That’s all there is, really. I’m arriving in London on Wednesday, and I’ll be there for about six months, so I’ve got enough time to figure out a plan, I think.
See, they’re corgis, and I like corgis. They’re cute and attentive looking, and they’re just like normal-sized dogs, only their legs obviously got Shrink-Rayed. So they’re perfect dogs for stealing. I saw a guy walking one once, and I barely restrained myself from pulling over, grabbing the pooch, unclipping his leash, and just running, running away, dog tucked under my arm like a football. Only, a little football with four teeny little legs waving in the breeze. We’d go and live in HappyLand together, the corgi and I.

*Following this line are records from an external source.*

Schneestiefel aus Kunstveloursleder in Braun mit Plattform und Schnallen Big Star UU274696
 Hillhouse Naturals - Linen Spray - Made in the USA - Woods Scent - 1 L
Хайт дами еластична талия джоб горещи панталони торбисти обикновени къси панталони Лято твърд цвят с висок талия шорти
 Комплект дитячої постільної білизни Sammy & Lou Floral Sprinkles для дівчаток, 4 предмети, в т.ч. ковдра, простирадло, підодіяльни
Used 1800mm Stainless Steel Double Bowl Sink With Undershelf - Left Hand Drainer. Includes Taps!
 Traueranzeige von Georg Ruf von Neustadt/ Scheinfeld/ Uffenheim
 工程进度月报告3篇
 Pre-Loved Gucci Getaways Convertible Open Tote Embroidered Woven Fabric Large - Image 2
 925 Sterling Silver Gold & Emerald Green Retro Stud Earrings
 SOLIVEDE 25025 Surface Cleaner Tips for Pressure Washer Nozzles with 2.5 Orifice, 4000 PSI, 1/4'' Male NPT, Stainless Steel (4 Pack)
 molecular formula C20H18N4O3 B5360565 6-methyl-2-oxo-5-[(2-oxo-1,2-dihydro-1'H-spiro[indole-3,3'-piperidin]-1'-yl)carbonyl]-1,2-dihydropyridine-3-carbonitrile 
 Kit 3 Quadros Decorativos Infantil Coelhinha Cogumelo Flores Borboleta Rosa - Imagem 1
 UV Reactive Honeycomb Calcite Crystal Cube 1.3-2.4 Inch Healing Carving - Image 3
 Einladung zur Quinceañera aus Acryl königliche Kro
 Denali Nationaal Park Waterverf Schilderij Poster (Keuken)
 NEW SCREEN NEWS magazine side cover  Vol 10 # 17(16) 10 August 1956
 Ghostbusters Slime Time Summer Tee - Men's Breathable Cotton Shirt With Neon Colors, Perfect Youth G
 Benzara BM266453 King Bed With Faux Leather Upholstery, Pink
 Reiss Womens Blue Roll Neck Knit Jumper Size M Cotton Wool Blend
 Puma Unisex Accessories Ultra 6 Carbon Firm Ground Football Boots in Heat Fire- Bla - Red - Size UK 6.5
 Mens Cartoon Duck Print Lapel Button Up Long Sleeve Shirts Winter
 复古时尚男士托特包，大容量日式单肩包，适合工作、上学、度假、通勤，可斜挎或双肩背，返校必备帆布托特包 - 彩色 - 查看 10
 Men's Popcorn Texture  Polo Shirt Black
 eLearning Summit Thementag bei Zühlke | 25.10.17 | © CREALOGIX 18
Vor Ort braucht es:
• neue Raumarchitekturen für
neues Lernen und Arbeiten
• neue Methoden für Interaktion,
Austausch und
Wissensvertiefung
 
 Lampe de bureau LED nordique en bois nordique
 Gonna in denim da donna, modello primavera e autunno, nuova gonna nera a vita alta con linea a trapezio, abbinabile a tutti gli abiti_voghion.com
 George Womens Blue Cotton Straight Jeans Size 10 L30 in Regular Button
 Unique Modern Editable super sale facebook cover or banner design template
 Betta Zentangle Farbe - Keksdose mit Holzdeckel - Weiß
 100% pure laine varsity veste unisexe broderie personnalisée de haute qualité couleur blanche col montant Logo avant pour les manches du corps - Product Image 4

You may ask, “Yes, but why steal the queen’s? Why not simply obtain your own in a more legal manner?” You may also ask, “Are you perhaps running a fever? Have you hit your head recently?” If you ask the second, I say: Bah, to you! I blow my nose in your general direction. But if you ask the first, let me explain: Why not?
Why settle for a normal corgi, when I could steal the queen’s? Perhaps it’s an issue of ancient retribution: I’ve been in Ireland for the past two months, my ancestral home, and the bitter taste of British oppression still lingers, and this is my plot for revenge. A pup for a potato, so to speak. Or perhaps it’s simply the allure of a fabulously pampered lifestyle. In high school I knew some of the girls in my class got swoony over one of the younger princes. I always thought that was ridiculous, all he has going for him is his grandmother, and for most guys, if the best thing about him is his grandmother, that’s hardly a swoon-producer. But I think I might understand now, the thirst for royalty. It is alluring, I freely admit, a great temptation.
Watch the news, my friends. For someday, the queen’s corgis shall be mine.
note: I do not actually plan on breaking any British laws, nor do I encourage anyone else to do so.